▶ [Data for the task]:

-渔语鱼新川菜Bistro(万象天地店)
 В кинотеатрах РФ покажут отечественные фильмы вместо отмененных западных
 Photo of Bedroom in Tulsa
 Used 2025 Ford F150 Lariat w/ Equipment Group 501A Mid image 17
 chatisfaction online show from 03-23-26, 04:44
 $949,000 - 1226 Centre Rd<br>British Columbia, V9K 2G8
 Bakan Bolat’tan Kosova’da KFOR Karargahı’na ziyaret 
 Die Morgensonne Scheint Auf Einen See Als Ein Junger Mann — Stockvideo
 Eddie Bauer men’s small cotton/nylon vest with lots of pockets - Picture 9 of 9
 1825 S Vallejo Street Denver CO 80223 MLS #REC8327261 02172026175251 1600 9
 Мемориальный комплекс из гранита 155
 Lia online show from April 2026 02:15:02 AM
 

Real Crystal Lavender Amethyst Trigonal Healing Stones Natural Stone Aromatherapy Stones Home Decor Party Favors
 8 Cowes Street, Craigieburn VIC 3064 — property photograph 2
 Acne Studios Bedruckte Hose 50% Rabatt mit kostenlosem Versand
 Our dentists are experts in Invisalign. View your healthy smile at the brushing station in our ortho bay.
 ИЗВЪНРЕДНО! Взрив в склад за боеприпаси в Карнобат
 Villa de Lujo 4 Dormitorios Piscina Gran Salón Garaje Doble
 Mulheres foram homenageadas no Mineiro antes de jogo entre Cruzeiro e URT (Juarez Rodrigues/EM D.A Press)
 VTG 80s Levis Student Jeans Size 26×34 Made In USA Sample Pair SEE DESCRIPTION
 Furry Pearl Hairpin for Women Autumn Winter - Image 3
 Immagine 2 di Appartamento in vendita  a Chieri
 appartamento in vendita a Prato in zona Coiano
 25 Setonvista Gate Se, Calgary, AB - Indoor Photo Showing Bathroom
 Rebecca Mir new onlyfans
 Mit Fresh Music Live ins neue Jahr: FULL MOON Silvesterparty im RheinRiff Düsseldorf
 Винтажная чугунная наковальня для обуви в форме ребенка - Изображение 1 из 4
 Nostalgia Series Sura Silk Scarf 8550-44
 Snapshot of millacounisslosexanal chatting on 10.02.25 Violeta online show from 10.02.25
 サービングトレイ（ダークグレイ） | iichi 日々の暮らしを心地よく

▶ [Task objective]: Find how many lines in the entries include the string "online", and state only the number.

▶ [Exercise result]: 3